## TASK REQUIREMENTS
Skip every line before the one containing "betalingssysteem technologie glyph", then copy that line and the rest of the entries below exactly, through the last line.

───── EXERCISE MATERIALS

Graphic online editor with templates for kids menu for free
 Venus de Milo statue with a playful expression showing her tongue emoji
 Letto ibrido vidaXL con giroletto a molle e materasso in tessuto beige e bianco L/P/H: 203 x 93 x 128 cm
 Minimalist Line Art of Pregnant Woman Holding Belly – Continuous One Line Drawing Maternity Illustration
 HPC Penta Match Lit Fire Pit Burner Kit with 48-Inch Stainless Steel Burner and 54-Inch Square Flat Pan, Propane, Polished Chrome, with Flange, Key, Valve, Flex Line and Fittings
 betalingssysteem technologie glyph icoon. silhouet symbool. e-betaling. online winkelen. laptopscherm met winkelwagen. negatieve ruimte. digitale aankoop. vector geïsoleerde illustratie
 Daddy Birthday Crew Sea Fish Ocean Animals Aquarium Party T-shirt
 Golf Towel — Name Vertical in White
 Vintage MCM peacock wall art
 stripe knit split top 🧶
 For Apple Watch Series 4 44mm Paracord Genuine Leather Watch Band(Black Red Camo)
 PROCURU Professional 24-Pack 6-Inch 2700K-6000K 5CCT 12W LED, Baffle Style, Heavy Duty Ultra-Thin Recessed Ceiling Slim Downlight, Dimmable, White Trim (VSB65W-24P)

──────────

## OUTPUT OF THE EXERCISE
 betalingssysteem technologie glyph icoon. silhouet symbool. e-betaling. online winkelen. laptopscherm met winkelwagen. negatieve ruimte. digitale aankoop. vector geïsoleerde illustratie
 Daddy Birthday Crew Sea Fish Ocean Animals Aquarium Party T-shirt
 Golf Towel — Name Vertical in White
 Vintage MCM peacock wall art
 stripe knit split top 🧶
 For Apple Watch Series 4 44mm Paracord Genuine Leather Watch Band(Black Red Camo)
 PROCURU Professional 24-Pack 6-Inch 2700K-6000K 5CCT 12W LED, Baffle Style, Heavy Duty Ultra-Thin Recessed Ceiling Slim Downlight, Dimmable, White Trim (VSB65W-24P)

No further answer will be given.